DATASET EXTRACT Start Marker

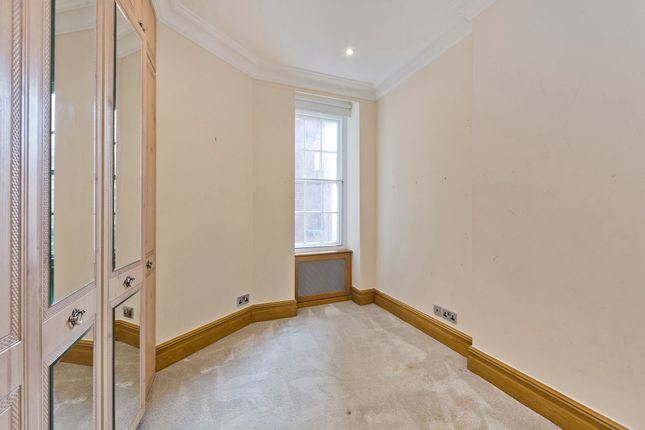 Flat to rent in St. Johns Wood Road, St. Johns Wood Court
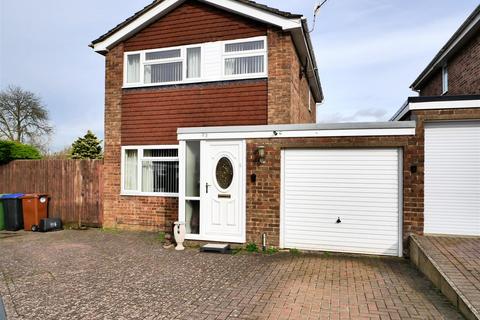 3 bedroom detached house for sale, Falcon Road, Calne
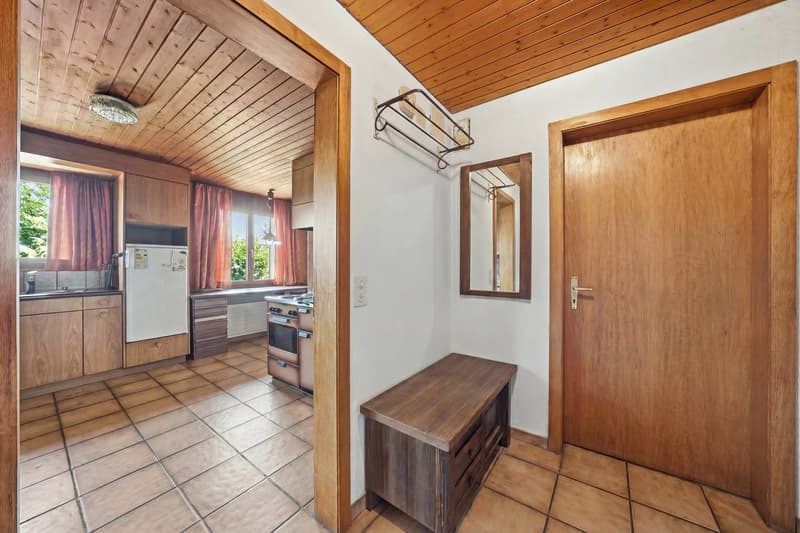 Old building with charm and potential (8)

DATASET EXTRACT End Marker

> TASK DESCRIPTION
Transcribe the material exactly, and leave out whatever pictures it holds.

> OUTPUT
 Flat to rent in St. Johns Wood Road, St. Johns Wood Court
 3 bedroom detached house for sale, Falcon Road, Calne
 Old building with charm and potential (8)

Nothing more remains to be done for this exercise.